The self-help project will include 22 houses. Families who have built the first six houses hope to move in by the end of this month.
"I wish, I wish," said prospective homeowner Raquel Lopez as she sat on the porch of her family's nearly finished house. "I want that so bad."
The "builders" have been through back pains, tendinitis and carpal tunnel syndrome from the construction work. They have had moments of frustration when the stress built up and, Lopez said, "We go to my house and have a few beers" and work out the glitches in their working relationships.
But it will be worth it, said prospective owner Rick Stonesifer. "You bet," he said. "It's like our pioneering forefathers. It's a journey."
Glickman visited the Taneytown subdivision to generate public interest in federal rural housing assistance programs, which are far less well known than urban subsidized housing programs operated by the Department of Housing and Urban Development.
The Agriculture Department will spend $150 million in the fiscal year that ends Sept. 30 to provide 2,000 to 2,500 houses for rural residents, said Jan Shadburn, Rural Housing Service administrator. The department provides housing for 1 million people through rural rental subsidies and homeownership programs.
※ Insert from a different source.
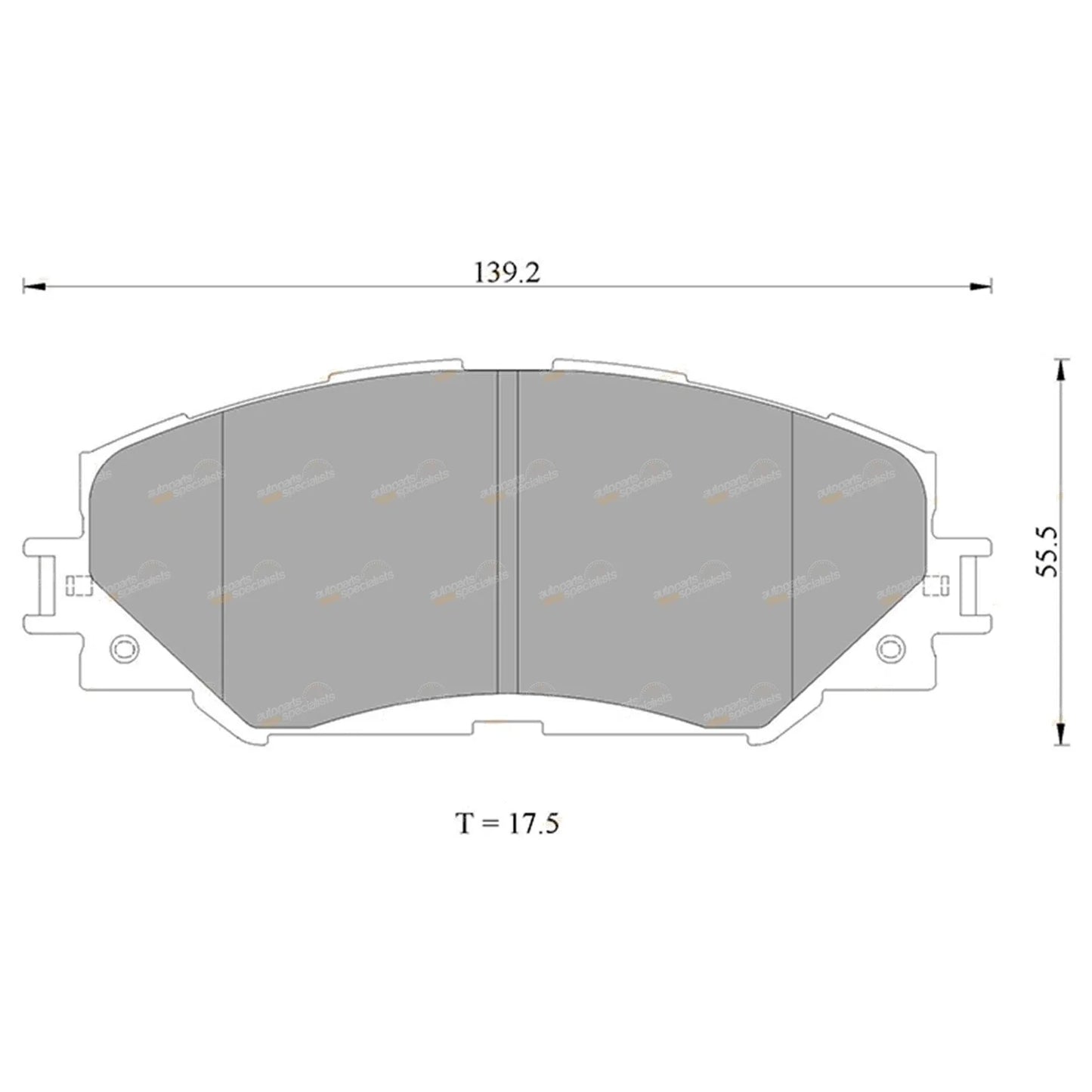 Front Disc Brake Pads Set for Toyota RAV4 (2006–2010)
Self-help housing is a public and private partnership where USDA provides technical assistance grants to groups such as Interfaith Housing.
In the Taneytown project, participants have average incomes of $25,000 a year, about half the county average. They can qualify for mortgages at interest rates as low as 1 percent through the USDA's Rural Development, formerly the Farmers Home Administration.
Glickman praised the self-help concept as having a better image with the public than Section 8 or urban housing subsidies. "Any ** kind of program in which the person himself contributes is going to be better perceived by the public as a whole, but also by the person," Glickman said.
Glickman and his entourage climbed a ladder to help build walls for what will be the second floor of Jodi DaRoja's house. But the agriculture secretary said he was happy to have his effort supervised by professional contractors. Project participants work under oversight of licensed contractors.